Chapitre 1 Sur le dos du père

Yurgen est né en Bolivie, à Oruro, une petite ville nichée à plus de 3 700 mètres d’altitude, dans la cordillère des Andes. Les montagnes qui l’entourent regorgent de cuivre, d’argent et d’étain, ce qui explique la présence de nombreuses mines où travaillent des ouvriers indiens chargés d’extraire le minerai. C’est dans l’une d’elles, la mine d’Estalsa, qu’était employé le père de Yurgen. Et c’est là que débute l’histoire de son fils :

« Mon père s’appelait Jorge Luis. Il était électricien et ne travaillait pas directement dans la mine. Il s’occupait des machines qui servent à l’extraction et au tri de la terre. Jeune, il est parti de Bolivie pour étudier et travailler en Allemagne (il m’a donné le prénom de son meilleur ami allemand). L’entreprise minière employait déjà mon grand-père, et c’est elle qui a envoyé mon père en Europe parce qu’il était bon élève. Il y est resté six ans. Quand il est revenu, il était au-dessus de tous les autres électriciens. Il était reconnu dans son métier.

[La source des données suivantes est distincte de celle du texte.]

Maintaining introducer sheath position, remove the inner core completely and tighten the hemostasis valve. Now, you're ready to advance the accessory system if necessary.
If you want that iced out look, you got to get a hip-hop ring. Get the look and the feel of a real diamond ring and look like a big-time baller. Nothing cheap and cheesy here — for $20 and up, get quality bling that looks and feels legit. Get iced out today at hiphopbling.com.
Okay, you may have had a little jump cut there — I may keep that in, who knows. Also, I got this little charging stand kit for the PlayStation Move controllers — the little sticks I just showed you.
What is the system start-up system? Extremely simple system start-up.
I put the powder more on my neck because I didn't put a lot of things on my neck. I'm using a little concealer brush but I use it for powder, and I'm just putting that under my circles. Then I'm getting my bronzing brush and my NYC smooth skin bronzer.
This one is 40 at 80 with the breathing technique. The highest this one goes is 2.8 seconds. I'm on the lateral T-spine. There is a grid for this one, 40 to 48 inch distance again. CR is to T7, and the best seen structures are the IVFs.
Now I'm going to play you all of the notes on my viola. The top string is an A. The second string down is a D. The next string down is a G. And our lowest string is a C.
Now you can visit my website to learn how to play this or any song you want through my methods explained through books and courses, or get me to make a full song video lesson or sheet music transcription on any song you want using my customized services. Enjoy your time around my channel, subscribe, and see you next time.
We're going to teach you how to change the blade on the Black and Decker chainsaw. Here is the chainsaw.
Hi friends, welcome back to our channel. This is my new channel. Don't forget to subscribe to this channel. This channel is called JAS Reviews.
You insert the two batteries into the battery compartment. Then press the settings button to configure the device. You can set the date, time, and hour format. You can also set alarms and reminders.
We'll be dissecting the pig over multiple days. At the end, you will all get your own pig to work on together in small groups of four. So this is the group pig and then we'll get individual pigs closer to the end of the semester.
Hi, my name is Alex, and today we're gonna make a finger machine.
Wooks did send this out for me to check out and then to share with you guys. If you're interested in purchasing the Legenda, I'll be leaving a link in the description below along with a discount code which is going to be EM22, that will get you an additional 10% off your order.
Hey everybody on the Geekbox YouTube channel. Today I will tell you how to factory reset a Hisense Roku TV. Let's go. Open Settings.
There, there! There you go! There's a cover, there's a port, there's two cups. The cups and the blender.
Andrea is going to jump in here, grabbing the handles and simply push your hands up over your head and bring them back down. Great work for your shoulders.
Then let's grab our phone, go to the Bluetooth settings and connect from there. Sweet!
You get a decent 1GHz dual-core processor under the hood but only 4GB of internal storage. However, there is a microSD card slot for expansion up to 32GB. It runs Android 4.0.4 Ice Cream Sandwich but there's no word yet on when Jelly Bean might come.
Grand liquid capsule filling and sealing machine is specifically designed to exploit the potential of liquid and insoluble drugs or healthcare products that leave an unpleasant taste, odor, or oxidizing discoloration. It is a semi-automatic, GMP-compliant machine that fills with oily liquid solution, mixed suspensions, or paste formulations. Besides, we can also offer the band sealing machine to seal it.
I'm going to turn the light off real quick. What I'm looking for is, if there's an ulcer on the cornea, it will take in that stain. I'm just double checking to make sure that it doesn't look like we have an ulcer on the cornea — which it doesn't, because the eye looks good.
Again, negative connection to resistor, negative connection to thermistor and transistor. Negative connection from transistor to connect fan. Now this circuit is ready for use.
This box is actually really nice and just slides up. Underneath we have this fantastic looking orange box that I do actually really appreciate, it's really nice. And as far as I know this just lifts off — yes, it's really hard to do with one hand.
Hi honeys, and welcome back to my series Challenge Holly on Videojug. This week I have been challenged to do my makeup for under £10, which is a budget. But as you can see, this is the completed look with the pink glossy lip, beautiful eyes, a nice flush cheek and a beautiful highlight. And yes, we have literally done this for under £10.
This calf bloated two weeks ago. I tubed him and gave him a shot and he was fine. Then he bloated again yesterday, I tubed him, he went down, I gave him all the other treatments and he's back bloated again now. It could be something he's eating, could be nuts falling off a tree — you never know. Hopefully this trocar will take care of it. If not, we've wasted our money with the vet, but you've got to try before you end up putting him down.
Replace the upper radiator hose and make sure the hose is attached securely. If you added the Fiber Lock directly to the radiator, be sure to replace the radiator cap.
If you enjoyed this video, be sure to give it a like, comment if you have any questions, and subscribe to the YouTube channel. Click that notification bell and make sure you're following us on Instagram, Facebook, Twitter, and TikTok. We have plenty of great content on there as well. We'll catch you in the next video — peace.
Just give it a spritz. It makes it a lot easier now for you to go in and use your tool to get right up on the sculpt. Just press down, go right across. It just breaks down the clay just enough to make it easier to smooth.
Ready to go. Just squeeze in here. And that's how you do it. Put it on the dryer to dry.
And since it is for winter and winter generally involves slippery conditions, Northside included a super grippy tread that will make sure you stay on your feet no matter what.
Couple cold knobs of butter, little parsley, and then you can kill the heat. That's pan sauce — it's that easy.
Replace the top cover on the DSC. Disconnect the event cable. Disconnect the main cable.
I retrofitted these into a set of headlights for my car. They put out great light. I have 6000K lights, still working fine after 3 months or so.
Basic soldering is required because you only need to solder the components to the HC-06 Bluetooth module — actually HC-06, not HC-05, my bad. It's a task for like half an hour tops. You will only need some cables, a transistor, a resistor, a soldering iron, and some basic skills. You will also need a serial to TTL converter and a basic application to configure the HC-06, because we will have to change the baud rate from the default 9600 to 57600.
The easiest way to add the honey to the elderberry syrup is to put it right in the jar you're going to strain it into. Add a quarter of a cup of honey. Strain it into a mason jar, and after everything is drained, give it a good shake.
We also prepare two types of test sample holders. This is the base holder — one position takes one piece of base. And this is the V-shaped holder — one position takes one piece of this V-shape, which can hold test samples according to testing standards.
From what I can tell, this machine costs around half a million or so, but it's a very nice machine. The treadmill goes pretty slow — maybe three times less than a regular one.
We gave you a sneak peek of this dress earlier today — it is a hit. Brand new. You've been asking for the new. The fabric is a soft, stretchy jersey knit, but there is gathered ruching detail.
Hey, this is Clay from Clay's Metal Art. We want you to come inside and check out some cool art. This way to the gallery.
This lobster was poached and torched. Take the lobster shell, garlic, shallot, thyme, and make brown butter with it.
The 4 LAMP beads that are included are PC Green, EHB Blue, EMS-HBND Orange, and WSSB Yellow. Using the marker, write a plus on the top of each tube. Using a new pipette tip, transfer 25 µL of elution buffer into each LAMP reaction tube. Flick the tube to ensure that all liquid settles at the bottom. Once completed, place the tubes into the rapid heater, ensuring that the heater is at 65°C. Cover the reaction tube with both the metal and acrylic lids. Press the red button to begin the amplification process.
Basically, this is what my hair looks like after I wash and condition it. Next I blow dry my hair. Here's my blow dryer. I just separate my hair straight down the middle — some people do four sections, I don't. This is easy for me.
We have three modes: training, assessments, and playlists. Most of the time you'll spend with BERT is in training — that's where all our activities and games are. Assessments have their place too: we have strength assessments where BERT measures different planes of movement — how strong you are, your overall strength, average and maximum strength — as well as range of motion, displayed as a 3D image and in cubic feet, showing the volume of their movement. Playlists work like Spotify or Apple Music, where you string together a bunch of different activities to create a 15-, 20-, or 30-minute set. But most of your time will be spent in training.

Il s’est marié peu après son retour en Bolivie. Tout son parcours, je ne le connais pas vraiment, même son âge. Il est né en février, mais le jour…

l’année… je n’en suis pas certain. En vérité, je ne connaissais pas sa vie. Il ne parlait pas beaucoup. Je sais qu’en revenant d’Allemagne il ne se sentait plus très bien en Bolivie. Il avait tendance à boire. Pourtant, il avait des connaissances très recherchées à l’époque, il était estimé, bien payé, mais je pense que son problème c’était l’alcool.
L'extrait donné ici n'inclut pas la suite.